*** Block opens ***

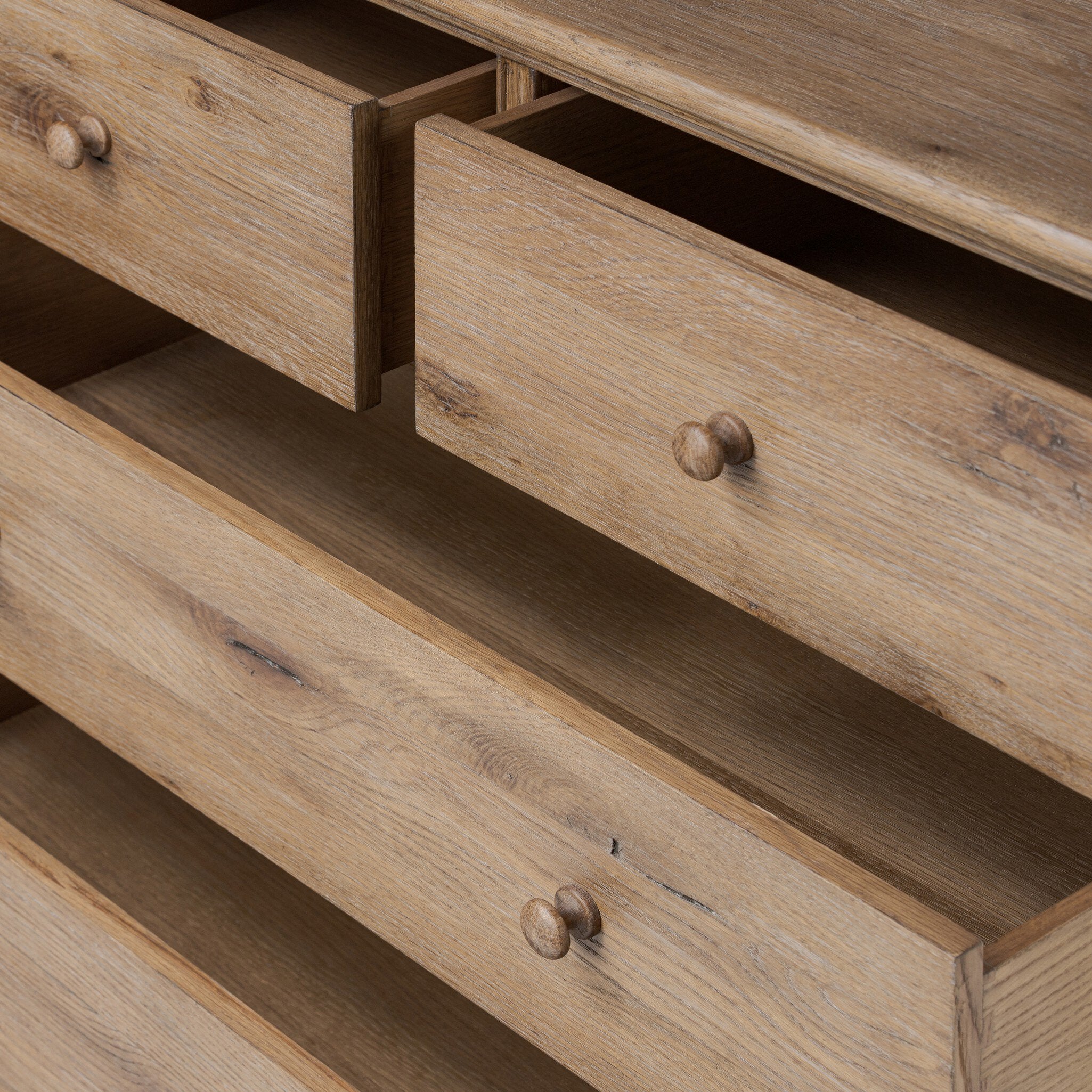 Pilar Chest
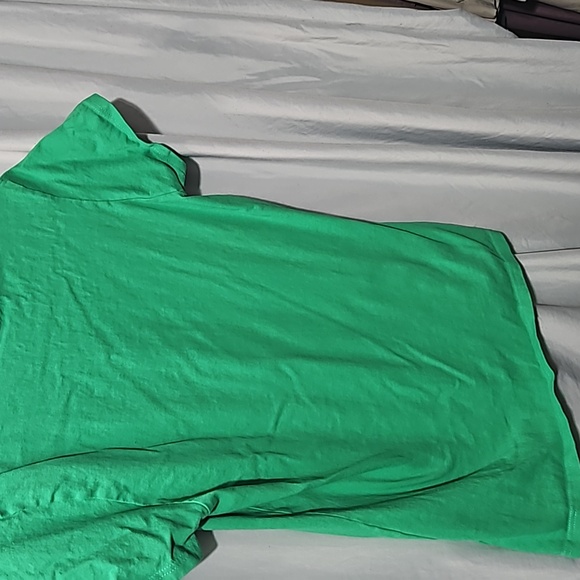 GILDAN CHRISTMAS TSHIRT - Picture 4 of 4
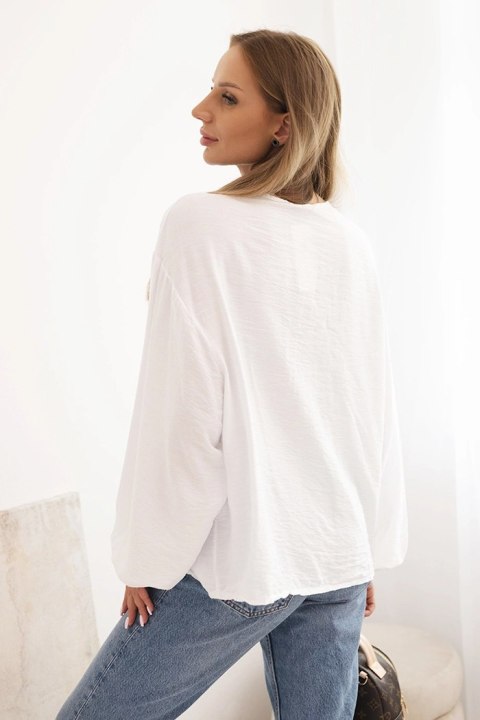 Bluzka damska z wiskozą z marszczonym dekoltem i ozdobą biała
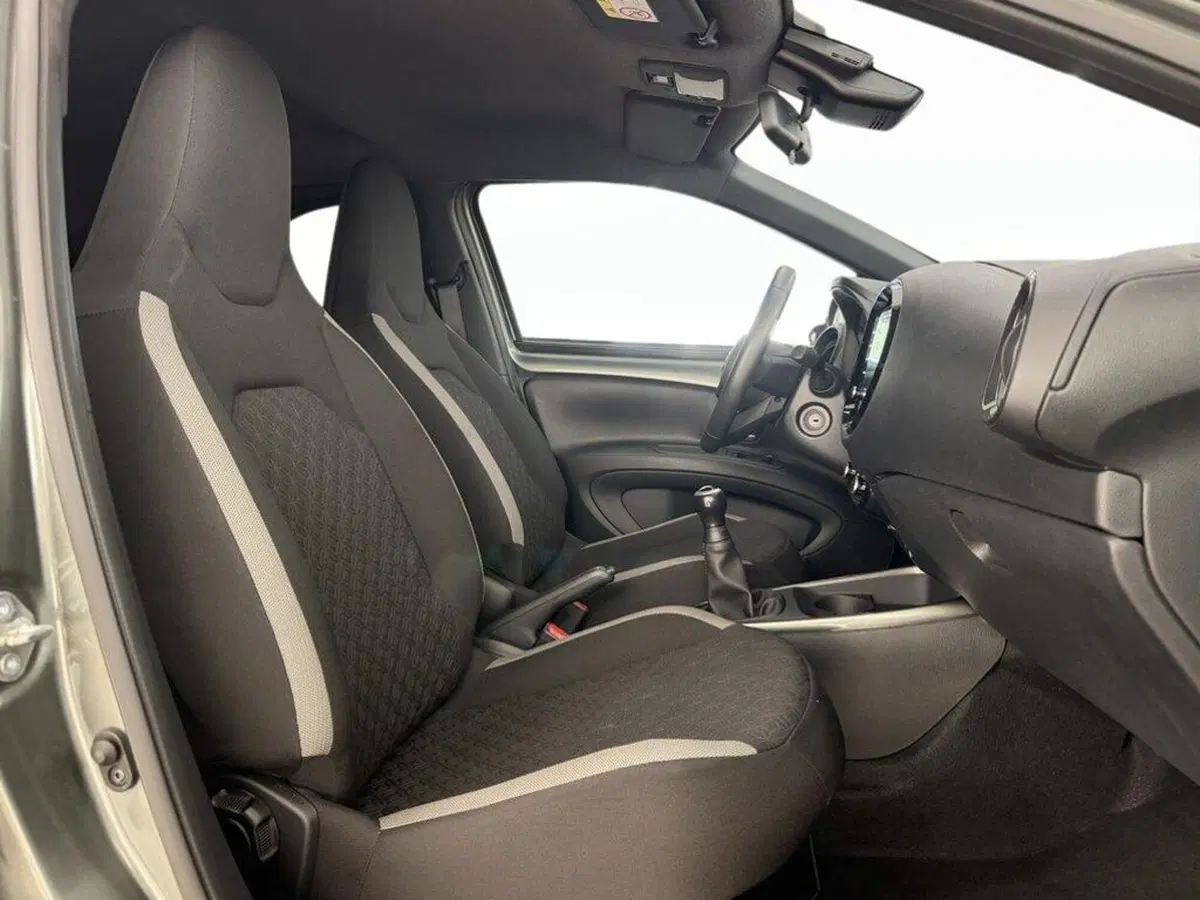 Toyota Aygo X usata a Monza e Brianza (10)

*** Block closes ***
*** Block opens ***

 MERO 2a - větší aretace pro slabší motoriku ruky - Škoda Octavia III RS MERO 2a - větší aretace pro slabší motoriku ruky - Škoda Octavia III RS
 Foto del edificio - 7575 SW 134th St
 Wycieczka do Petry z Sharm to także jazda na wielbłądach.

*** Block closes ***
*** Block opens ***

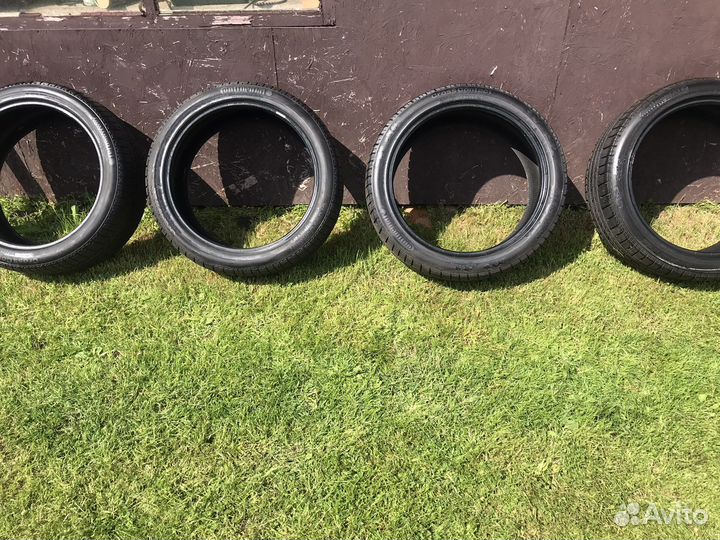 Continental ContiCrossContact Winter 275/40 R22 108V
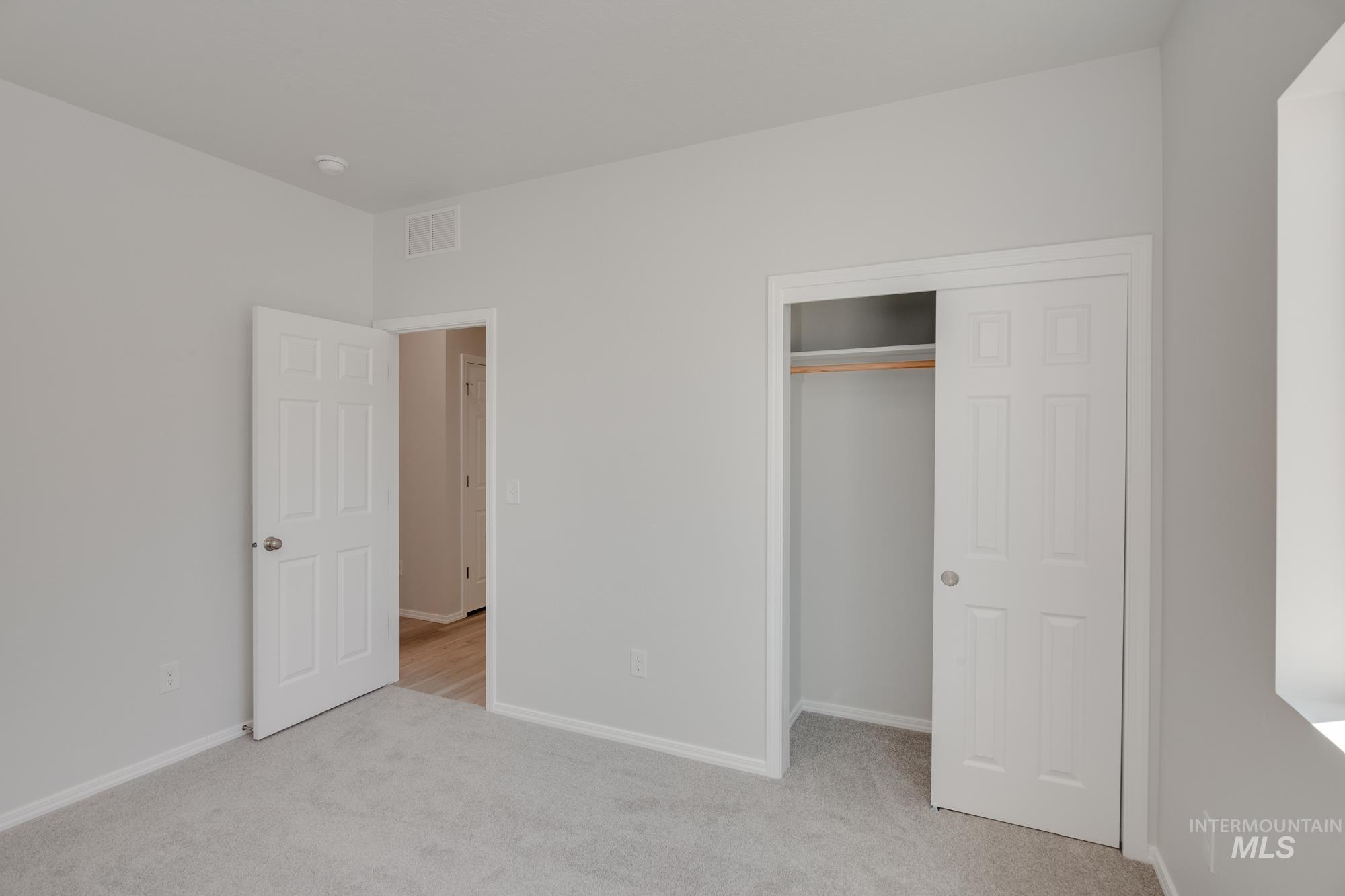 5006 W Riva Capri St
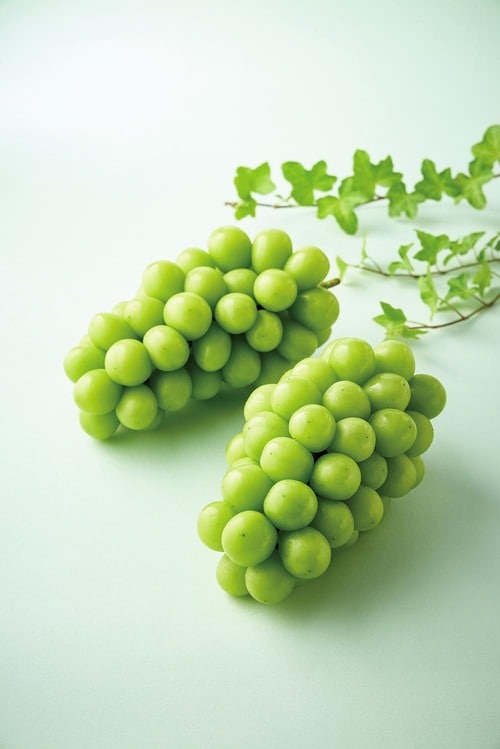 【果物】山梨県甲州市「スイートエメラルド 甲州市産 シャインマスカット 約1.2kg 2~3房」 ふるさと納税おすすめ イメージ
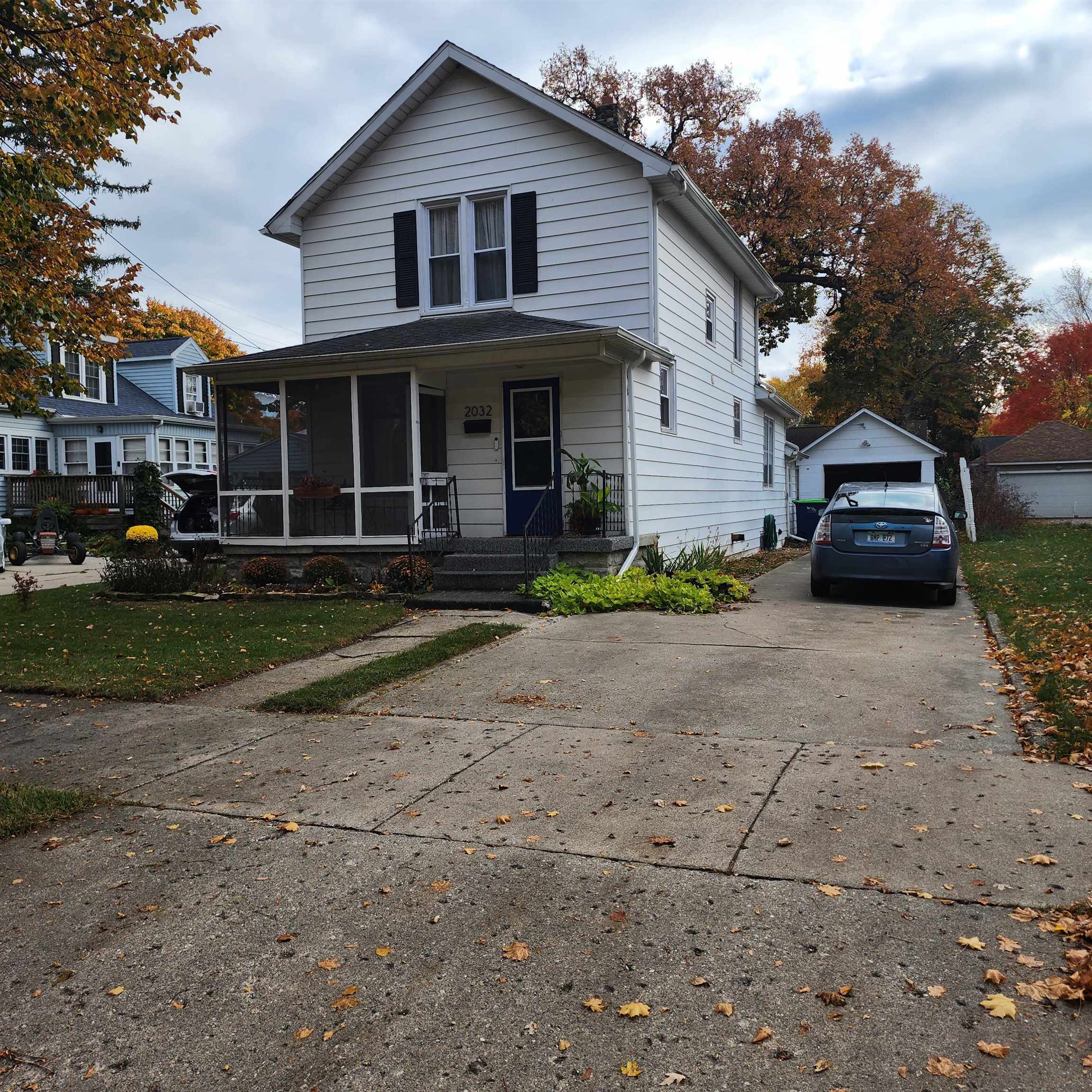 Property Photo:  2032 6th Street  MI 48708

*** Block closes ***

▶ [ABOUT THIS EXERCISE]:
In the listing above, start at the line with "III RS MERO", go on through the line with "Wycieczka do Petry", and copy each of those lines exactly; leave out all the rest.

▶ [FINAL ANSWER]:
 MERO 2a - větší aretace pro slabší motoriku ruky - Škoda Octavia III RS MERO 2a - větší aretace pro slabší motoriku ruky - Škoda Octavia III RS
 Foto del edificio - 7575 SW 134th St
 Wycieczka do Petry z Sharm to także jazda na wielbłądach.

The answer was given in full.